Behörden Spiegel: Um den tatsächlichen Finanzbedarf von Kommunen und Landesverwaltung zu bewerten, soll eine externe Studie weiterhelfen. Was könnte dabei herauskommen?

Schulz: Für die Landesregierung besteht die Schwierigkeit erst einmal darin, dass das Parlament für sich in Anspruch nimmt, die Aufgaben des Landes zu definieren. Als Kreise fordern wir schon lange, dass nicht mehr nur die Städte aufgrund ihrer Strukturen einen Soziallastenausgleich erhalten, sondern dass auch die Kosten der Fläche im Finanzausgleich stärker bedacht werden. Der Erhalt des großen Kreisstraßennetzes und auch die abgelegene Lage der Nordfriesischen Inseln sind nur zwei Beispiele, die dabei eine Rolle spielen. Im neuen Koalitionsvertrag wird der kommunale “Investitionsstau” explizit aufgegriffen – damit erkennt die Landesregierung an, dass in den vergangenen Jahren die Zuweisungen nicht dem tatsächlichen Finanzbedarf entsprochen haben. Deshalb fordern wir, den kommunalen Finanzausgleich aufzustocken und zusätzliche Infrastrukturprogramme für Schulen, Straßen und Radwege auszurollen.   

Behörden Spiegel: Der neue Landesminister für Inneres, ländliche Räume und Integration, Hans-Joachim Grote, war bislang Oberbürgermeister von Norderstedt. Gibt es jetzt stärkere kommunale Unterstützung von der Landesebene?

Schulz: Der neue Innenminister hat angekündigt, im Hinblick auf den Finanzausgleich eine einvernehmliche Lösung mit den Kommunen finden und dahingehend das Gespräch innerhalb der Koalition suchen zu wollen. Diese Ansage stimmt erst einmal optimistisch, deshalb freue ich mich auf das erste Gespräch mit Herrn Grote.  

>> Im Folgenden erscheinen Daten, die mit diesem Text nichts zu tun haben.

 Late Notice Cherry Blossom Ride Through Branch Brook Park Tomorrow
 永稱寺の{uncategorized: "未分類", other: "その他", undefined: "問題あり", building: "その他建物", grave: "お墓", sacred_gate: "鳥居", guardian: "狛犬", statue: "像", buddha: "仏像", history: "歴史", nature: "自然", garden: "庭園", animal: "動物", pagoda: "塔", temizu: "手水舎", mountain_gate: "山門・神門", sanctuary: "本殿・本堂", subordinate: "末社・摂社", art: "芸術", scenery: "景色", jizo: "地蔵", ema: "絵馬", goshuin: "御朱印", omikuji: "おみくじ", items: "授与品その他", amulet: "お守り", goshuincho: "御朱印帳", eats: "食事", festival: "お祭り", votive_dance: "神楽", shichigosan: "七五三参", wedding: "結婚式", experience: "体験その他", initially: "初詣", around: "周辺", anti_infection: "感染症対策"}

Behörden Spiegel: Auf dem Verwaltungskongress “Digitaler Staat” im Juni in Berlin konnte Ihr Nachbarland Dänemark auf beindruckende Weise zeigen, wie weit man bei der Digitalisierung von Staat, Kommunen und Gesellschaft schon ist. Ein Vorbild?  

Schulz: Gerade aus Kiel sollten wir noch viel mehr Richtung Norden schauen. Vor allem beim E-Government sind die Dänen Vorreiter – und uns in Schleswig-Holstein oft auch in der Mentalität näher als manche Region innerhalb Deutschlands.